Each of the galaxies that collided to form the Infinity Galaxy have their own glowing nuclei containing supermassive black holes, but the one supposedly forming in between is unrelated to either of them—its source is apparently something else. The mystery convinced astronomers Pieter van Dokkum of Yale University and Gabriel Brammer of the University of Copenhagen, who discovered the nascent black hole while analyzing images from the COSMOS-Web survey of NASA’s James Webb Space Telescope, that what they were seeing was no ordinary star.
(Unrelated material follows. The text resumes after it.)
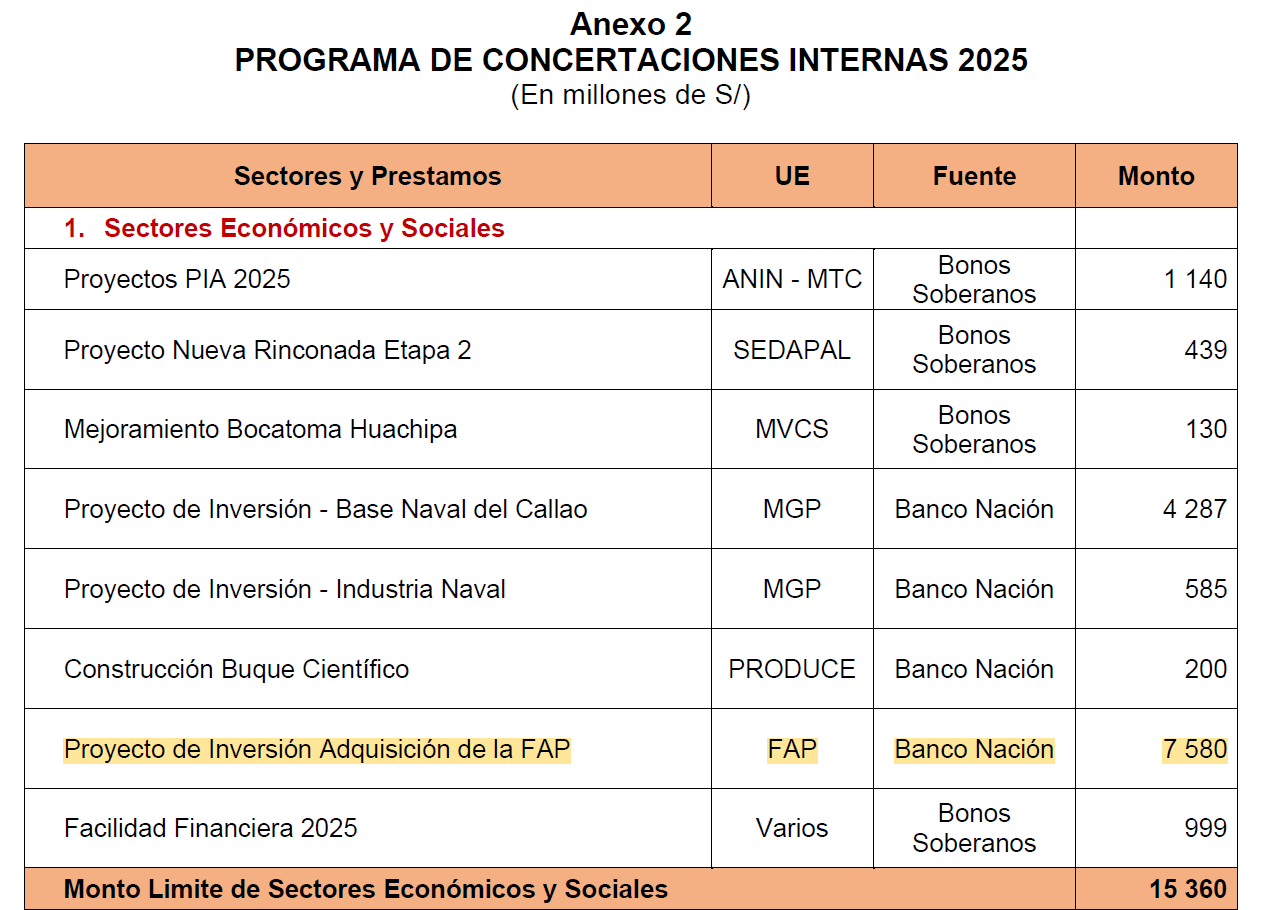 El préstamo forma parte de la fase I del Proyecto de Inversión Adquisición de la FAP.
Van Dokkum and Brammer backed their findings up by poring over data from observations made by the W.M. Keck Observatory, the Chandra X-Ray Observatory, and more data from the archives of the National Radio Astronomy Observatory’s Very Large Array. It was already strange that this black hole was not hiding in the nucleus of a galaxy, never mind that it was at the beginning of its life. Shrouded by clouds of gas between the two galaxies was most likely a supermassive black hole that probably formed from gas that had been shocked and compressed during the galactic merger, then collapsed in on itself. Witnessing one being born is unprecedented.
“The gas spans the entire width of the system and was likely shocked and compressed at the collision site,” they and their colleagues said in a study soon to be published in the Astrophysical Journal Letters. “We suggest that the SMBH formed within this gas in the immediate aftermath of the collision, when it was dense and highly turbulent.”
There are two main hypotheses for how supermassive black holes form. The “light seeds” theory claims that supermassive black holes are the product of black holes that form after massive stars go supernova, collapsing in on themselves in violent explosions. These black holes then merge into larger black holes. The problem is that it would not only take an extremely long time for a supermassive black hole to form this way, this theory also cannot explain the existence of supermassive black holes, already observed by Webb, which were around when the universe was still young.
The “heavy seeds” hypothesis suggests that immense clouds of gas that collapse usually form stars, but sometimes, the gases collapse directly into supermassive black holes. This is the theory that seems to align with the more recent observations. About a few hundred million years after the universe dawned, clouds of gas in the middle of what would become galaxies collapsed. Hiding in those gaseous clouds were the seeds of supermassive black holes, whose powerful outflows and magnetic storms caused surrounding gas to collapse into multitudes of new stars. This explains the high populations of stars around galactic nuclei.
“If our proposed scenario is confirmed, the Infinity galaxy provides an empirical demonstration that direct-collapse formation of SMBHs can happen in the right circumstances—something that has so far only been seen in simulations and through indirect observations,” Brammer and van Dokkum said.
More observations with Webb and other telescopes could finally reveal what a supermassive black hole’s baby pictures look like.